The newest camp added this summer was RUSH Drone Camp for those entering grades 5-9.
“It is really awesome,” said Finn Berard, a senior on Team RUSH 27, before the camp began. “It’s kind of modeled after the FRC aerial drone competition. We are using their field, their materials. Kids learn what are drones, how are they influencing technology, how are they being used. They learn how to fly drones, how to program drones. It’s going to be really cool. I am really excited about it.”
Back this year was RUSHing Girls to Engineering, which junior Ameera Abdellateef shared had more attending than in 2023.
“They are all having fun,” she said, added they did coding, programming and had a stamp project.
For the stamp project, the campers used the TinkerCAD program, the campers made a stamp handle which they printed on the 3D printer. Then, they made a design for their stamp with Adobe Illustrator.
“It’s really important to get girls young girls and STEM early on in a dominated field,” Abdellateef said. “Hopefully they are inspired to continue. A lot of the girls want to do this camp next year.”
Other camps offered were RUSH Junior Robotics & VEX123, for those entering grades 1-3; and RUSH Lego Robotics, for grades 3-5; RUSH 3D Modeling with TinkerCAD for beginners and advanced, for grades 5-9.
Berard shared the RUSH Lego Robotics is modeled after the FIRST Lego League Challenge.
“It follows the same curriculum we have done year after year to make it our own and get the students involved,” he said. “Tinker CAD we adjusted the curriculum this year so they are working with learning how to do 3D models, how to 3D print, and how to go from conception of an idea to trying to formulate to have some kind of end product.”

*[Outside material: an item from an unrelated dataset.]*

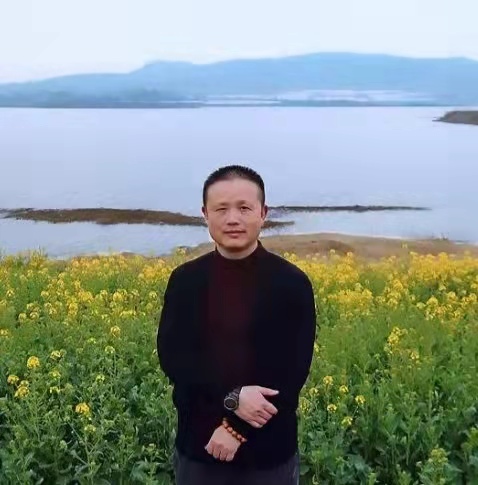 段维 华中师范大学教授，兼任中华诗词学会乡村诗词工作委员会主任、湖北省中华诗词学会会长、《心潮诗词》评论双月刊主编，黄河诗社顾问。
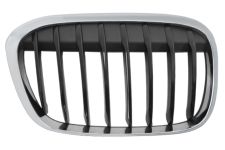GRILLE BMW X1 (F48) 2015-2019 FACE AVANT / CONTOUR CHROMÉ / LAMES NOIRES / MODÈLE M-TECH / DROITE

The RUSH Junior Robotics and VEX123 was themed around last year’s FLL season.
“We are shifting over to prepare them for the actual Explore program in the fall a bit more than the past,” Berard said. “Now we are using the same kits. It is themed around last year’s season. They go through a lot of core concepts for engineering, for designing, building, working together is huge. It’s identifying the teamwork aspect, learning how to communicate and work with different people and meet new people.”
He shared it’s awesome to see so many kids interested in RUSH camps.

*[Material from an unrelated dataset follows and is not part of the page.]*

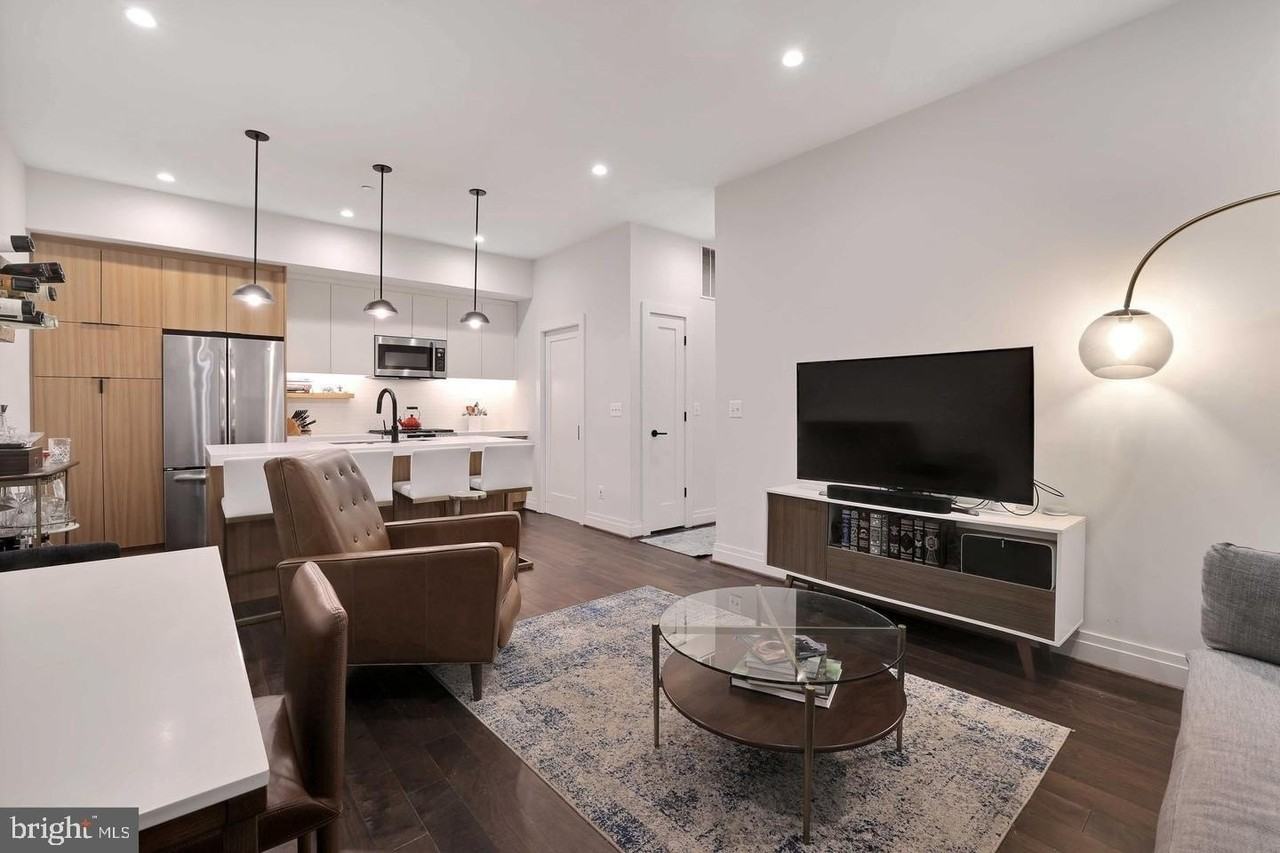 1469 14th St Nw - Photo 3 of 11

“We have a good group of kids in our camps,” he said. “They are super energetic when they get in. It was the first day and one kid when he was leaving said ‘this was the best day of my life.’ It was just so awesome to see all these kids coming in and get super interested in STEM and FIRST, robotics and everything we are doing. We are doing a really big push, and we started last year and continuing this year, to really gearing out to our community and making sure we are doing everything we can to spread STEM.
“It’s awesome with these camps and the fall, too, seeing all these kids come in. When you have kids who are interested in what they are doing and they are having fun. They are here and they want to be here, it makes it fun for us and everybody else.”